(Scraped caption text data)
+++

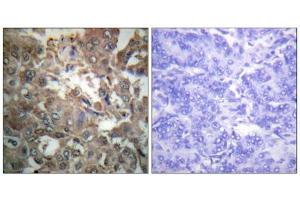 Immunohistochemistry analysis of paraffin-embedded human breast carcinoma tissue using XPA antibody. (XPA Antikörper  (C-Term))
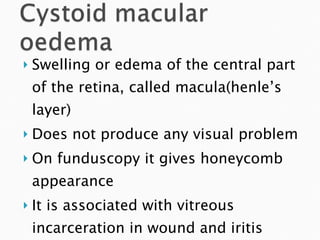 Swelling or edema of the central part of the retina, called macula(henle’s layer) Does not prod uce any visual problem On funduscopy it gives honeycomb appearance It is associated with vitreous incarceration in wound and iritis 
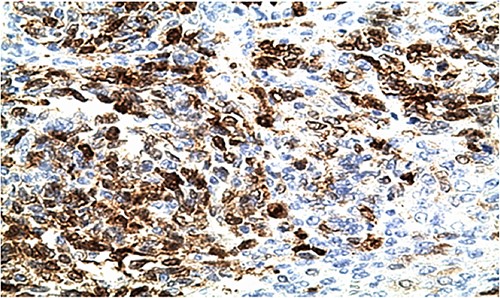 IHC: tumor cells show a nuclear strong expression of p16 (x400).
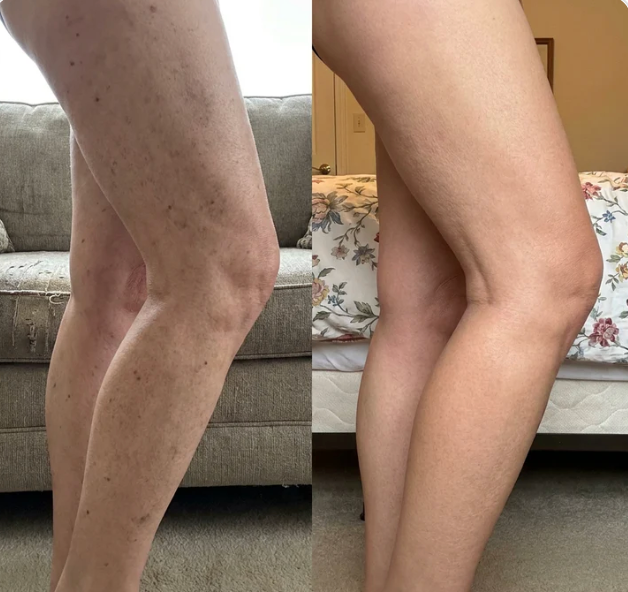 Before and after using Monserae Flawless Body Perfector — Spots & Veins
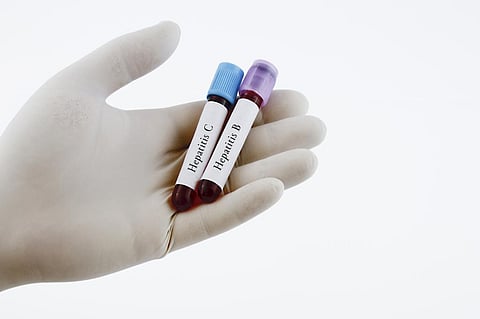 Hepatitis is the second leading infectious cause of death globally after tuberculosis. Photo for representation: iStock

+++

__WHAT YOU NEED TO DO__
Please copy exactly, and only, the lines from the one that contains "Before and after" through the last line of the data above, omitting all pictures.

__EXPECTED OUTPUT__
 Before and after using Monserae Flawless Body Perfector — Spots & Veins
 Hepatitis is the second leading infectious cause of death globally after tuberculosis. Photo for representation: iStock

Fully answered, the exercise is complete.